For our Lent Studies at Christ Church this year, I have been taking a different theme each week from what our Lord said in the letters to the seven Churches of Asia in the book of Revelation. The four themes I have selected are:
1. Let anyone who has an ear listen to what the Spirit is saying to the churches
2. Be faithful unto death
3. I have this against you
4. I know your works
Last night, we were looking at the third theme which is to do with false teaching and the need to hold fast to the truth.
Warnings against false teaching abound in the New Testament, and they are a major theme in the letters to the seven Churches. Interestingly, Ephesus, one of the seven Churches, emerges in the New Testament as a centre of false teaching. St Luke, for example, tells us that St Paul warned the leaders of the Ephesian Church of what would happen after he left them:
'I know that after I have gone, savage wolves will come in among you, not sparing the flock. Some even from your own group will come distorting the truth in order to entice the disciples to follow them.' (Acts 20:29-30)

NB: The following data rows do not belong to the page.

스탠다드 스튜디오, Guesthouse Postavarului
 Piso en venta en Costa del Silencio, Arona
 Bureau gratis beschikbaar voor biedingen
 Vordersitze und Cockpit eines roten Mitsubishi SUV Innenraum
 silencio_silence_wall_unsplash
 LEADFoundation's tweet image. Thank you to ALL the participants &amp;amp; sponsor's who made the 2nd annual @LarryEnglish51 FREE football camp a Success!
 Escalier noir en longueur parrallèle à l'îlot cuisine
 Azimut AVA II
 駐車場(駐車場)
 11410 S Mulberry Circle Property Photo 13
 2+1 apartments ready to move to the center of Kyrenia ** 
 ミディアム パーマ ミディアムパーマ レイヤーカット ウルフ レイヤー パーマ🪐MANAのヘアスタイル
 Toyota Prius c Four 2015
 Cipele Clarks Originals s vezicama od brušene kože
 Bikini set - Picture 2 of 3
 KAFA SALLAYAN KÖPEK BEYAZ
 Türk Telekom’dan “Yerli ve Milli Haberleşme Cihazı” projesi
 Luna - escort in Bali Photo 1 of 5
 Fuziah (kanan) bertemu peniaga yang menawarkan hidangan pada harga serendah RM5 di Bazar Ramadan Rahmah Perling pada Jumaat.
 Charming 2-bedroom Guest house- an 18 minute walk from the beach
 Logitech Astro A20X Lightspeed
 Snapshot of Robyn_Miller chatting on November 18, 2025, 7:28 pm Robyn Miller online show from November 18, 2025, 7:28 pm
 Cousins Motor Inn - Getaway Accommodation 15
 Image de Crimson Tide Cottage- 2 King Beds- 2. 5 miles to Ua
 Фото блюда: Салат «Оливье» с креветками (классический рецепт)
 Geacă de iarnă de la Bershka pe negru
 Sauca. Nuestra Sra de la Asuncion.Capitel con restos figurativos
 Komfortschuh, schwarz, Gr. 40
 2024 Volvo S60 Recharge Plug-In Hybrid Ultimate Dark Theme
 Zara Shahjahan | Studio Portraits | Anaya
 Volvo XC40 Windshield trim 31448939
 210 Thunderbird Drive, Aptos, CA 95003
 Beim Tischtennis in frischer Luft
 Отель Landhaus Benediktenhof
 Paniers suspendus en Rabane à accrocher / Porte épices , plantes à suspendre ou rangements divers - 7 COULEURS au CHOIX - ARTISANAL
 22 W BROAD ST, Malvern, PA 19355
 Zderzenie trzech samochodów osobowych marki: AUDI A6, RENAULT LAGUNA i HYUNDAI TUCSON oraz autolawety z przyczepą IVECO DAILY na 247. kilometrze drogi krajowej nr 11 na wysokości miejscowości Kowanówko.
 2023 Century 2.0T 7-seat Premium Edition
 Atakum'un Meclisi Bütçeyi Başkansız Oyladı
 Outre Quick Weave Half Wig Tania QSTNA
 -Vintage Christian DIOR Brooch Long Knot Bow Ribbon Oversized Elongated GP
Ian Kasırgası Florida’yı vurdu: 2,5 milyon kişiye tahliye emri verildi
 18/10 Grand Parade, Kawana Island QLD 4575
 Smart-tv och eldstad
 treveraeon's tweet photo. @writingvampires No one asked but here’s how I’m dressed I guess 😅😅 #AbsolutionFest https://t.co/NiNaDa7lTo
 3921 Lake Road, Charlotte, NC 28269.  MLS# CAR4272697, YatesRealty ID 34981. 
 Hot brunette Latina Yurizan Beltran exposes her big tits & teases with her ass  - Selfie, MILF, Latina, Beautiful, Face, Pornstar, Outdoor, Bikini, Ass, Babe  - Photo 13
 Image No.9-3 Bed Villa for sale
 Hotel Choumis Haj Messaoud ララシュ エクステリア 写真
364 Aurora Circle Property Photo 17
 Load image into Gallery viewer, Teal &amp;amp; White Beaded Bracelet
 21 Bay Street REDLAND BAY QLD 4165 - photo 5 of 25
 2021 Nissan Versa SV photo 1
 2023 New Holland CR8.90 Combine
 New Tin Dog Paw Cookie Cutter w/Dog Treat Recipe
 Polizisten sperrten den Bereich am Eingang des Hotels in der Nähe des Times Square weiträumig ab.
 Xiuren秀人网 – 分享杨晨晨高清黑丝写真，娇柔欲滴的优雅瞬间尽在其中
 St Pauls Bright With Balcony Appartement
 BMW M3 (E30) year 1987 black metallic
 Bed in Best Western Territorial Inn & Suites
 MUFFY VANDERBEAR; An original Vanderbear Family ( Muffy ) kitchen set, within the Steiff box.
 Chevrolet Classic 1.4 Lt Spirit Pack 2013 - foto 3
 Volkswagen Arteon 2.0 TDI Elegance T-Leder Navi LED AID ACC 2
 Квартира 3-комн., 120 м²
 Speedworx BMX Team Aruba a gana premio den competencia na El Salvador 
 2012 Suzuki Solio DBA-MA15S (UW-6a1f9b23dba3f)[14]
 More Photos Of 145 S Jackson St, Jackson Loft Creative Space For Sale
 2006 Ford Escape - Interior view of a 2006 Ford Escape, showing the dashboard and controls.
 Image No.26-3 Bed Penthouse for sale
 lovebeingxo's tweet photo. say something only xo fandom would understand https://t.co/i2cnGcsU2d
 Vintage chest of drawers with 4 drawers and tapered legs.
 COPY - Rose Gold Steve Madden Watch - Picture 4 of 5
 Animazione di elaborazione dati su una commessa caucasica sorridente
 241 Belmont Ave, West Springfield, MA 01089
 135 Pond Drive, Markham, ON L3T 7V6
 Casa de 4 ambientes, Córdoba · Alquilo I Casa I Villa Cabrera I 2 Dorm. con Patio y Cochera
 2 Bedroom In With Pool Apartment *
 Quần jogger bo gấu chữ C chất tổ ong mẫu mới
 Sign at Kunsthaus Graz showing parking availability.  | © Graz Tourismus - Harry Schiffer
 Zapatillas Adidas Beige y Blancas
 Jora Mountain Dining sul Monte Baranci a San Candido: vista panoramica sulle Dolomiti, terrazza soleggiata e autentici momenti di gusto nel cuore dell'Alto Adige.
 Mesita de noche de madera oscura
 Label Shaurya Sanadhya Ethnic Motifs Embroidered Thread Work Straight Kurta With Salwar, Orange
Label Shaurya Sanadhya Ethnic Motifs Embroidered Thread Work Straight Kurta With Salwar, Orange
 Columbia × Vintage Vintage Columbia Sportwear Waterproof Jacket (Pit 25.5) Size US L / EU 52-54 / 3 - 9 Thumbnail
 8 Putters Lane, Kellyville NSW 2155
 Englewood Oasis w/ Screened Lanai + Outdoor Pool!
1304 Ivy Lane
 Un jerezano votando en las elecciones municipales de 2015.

St Paul sees the attack on the Church as coming both from outside the Church and from within it. It is the job of Church leaders to protect those whom God has entrusted to their care from false teaching.
So how does this apply to us?
In the Book of Revelation, and indeed the New Testament in general, the Devil appears as a major player in the attacks on God's people and as the One who deceives. St Paul writes in 2 Corinthians that 'we are not ignorant of his designs' (2 Corinthians 4:11).
I think we have to admit that we have been very ignorant of his designs and that the Devil has been very successful in deceiving the Church - so much so that not only are we not now in a position to recognize false teaching, we are even unhappy with the concept itself. As a result, we are largely defenceless against the attacks that are being made on us today as a Church and as Christians.
We are like people being attacked in a dark room: we know we are suffering injury, but we have no idea where the blows are coming from or when we are going to be struck.
The attack has been carefully planned and orchestrated:
Firstly, we have been encouraged in the Church, for many years now, to be open in our thinking. We have been persuaded to see dogma as bigotry; certainty in matters of faith as narrow-mindedness; and insistence on the importance of doctrinal assent as intolerance of the worst kind.
The real seeker after truth is one who is prepared to doubt; who values the beliefs of those outside the Church who also seek meaning in life; who engages in open-ended dialogue with those of different faiths; and who does not insist on one interpretation of the truth.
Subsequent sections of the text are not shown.